- **WHAT IS REQUIRED**:
Among the entries below, find the line with "Shorts florales negros para hombre - 1" and the line with "514 Warren Rd, Glenview, IL 60025 photo 6". Return exactly those lines and every line between them, but no pictures.

- **MATERIAL FOR THIS EXERCISE**:
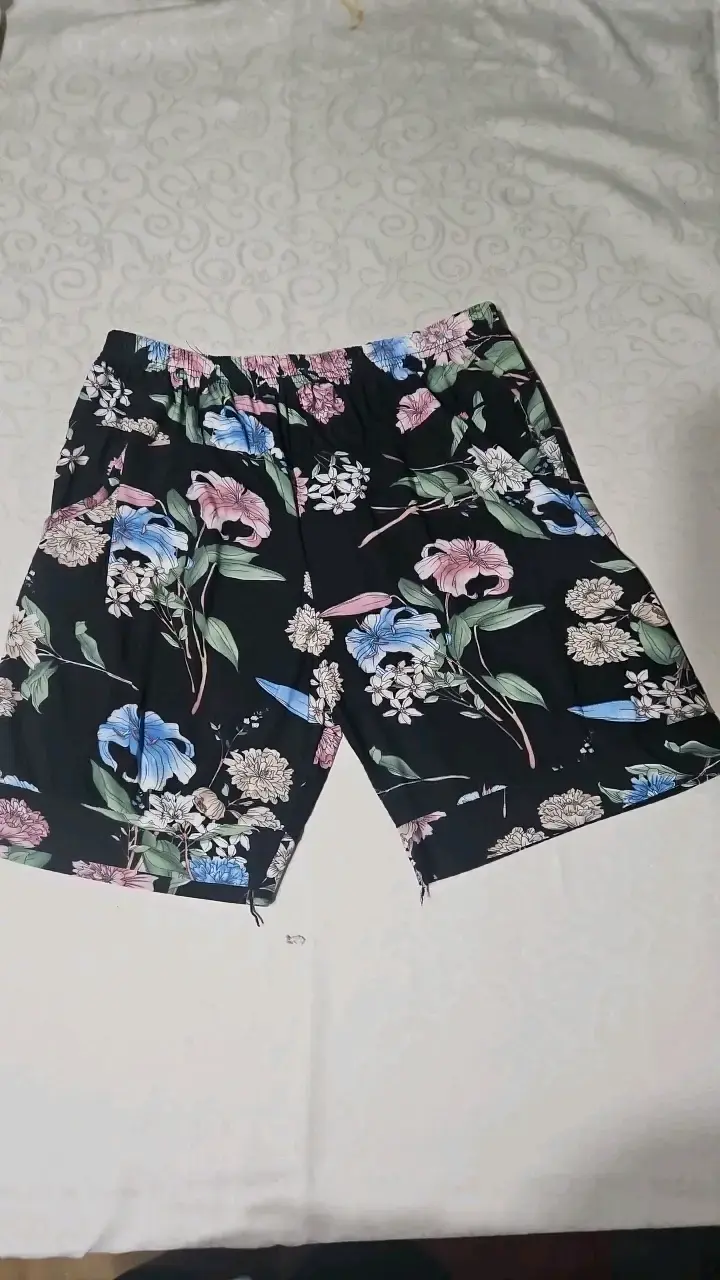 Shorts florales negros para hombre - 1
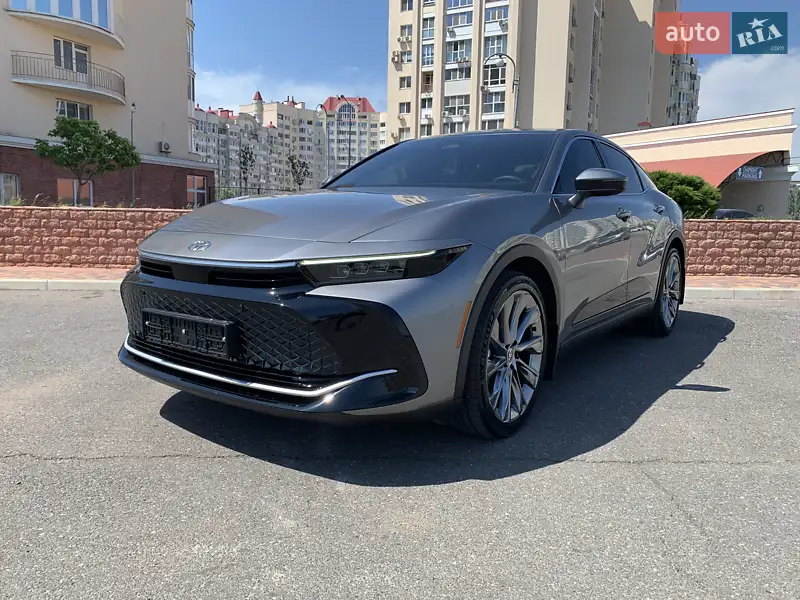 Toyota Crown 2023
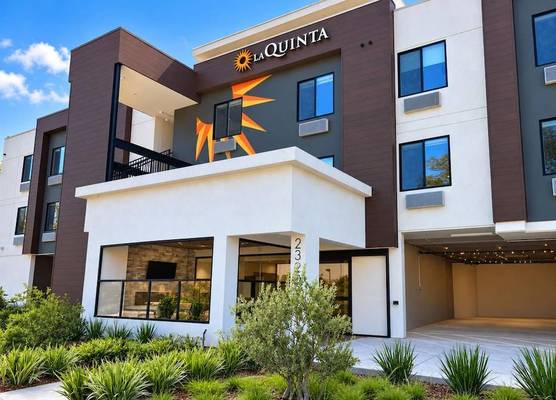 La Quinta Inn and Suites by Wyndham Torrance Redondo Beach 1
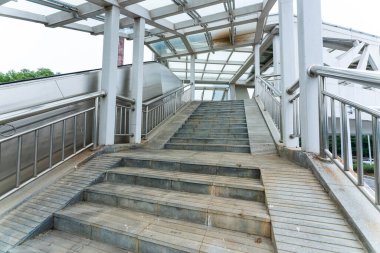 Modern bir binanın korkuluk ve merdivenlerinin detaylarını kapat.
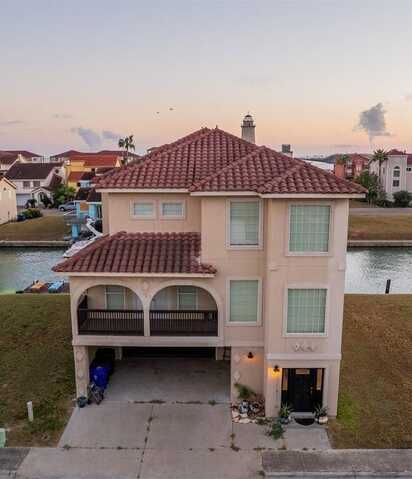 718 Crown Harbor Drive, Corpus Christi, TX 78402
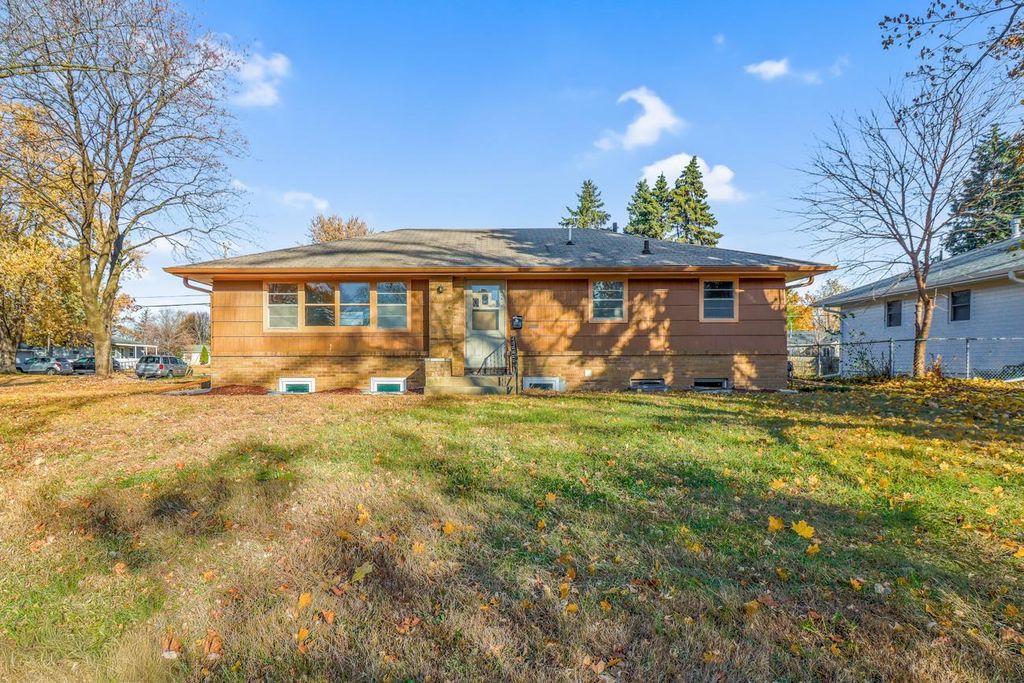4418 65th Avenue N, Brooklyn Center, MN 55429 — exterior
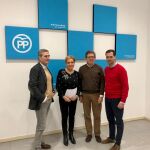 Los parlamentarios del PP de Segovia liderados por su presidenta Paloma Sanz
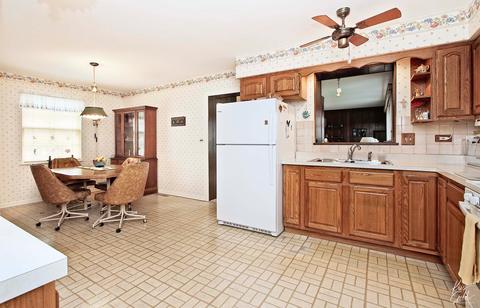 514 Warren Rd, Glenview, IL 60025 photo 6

==

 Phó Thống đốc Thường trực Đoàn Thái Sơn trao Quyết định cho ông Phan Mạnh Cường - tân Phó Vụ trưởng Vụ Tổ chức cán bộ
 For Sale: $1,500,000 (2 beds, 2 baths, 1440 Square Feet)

...

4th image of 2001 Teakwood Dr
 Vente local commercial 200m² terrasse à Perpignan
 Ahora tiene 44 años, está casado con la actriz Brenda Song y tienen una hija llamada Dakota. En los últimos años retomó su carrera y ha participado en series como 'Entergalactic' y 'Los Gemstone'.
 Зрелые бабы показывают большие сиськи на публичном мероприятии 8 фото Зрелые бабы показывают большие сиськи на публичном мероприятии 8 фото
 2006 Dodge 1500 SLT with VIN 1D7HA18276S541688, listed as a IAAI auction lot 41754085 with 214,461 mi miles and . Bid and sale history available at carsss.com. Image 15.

- **WRITTEN REPLY**:
 Shorts florales negros para hombre - 1
 Toyota Crown 2023
 La Quinta Inn and Suites by Wyndham Torrance Redondo Beach 1
 Modern bir binanın korkuluk ve merdivenlerinin detaylarını kapat.
 718 Crown Harbor Drive, Corpus Christi, TX 78402
4418 65th Avenue N, Brooklyn Center, MN 55429 — exterior
 Los parlamentarios del PP de Segovia liderados por su presidenta Paloma Sanz
 514 Warren Rd, Glenview, IL 60025 photo 6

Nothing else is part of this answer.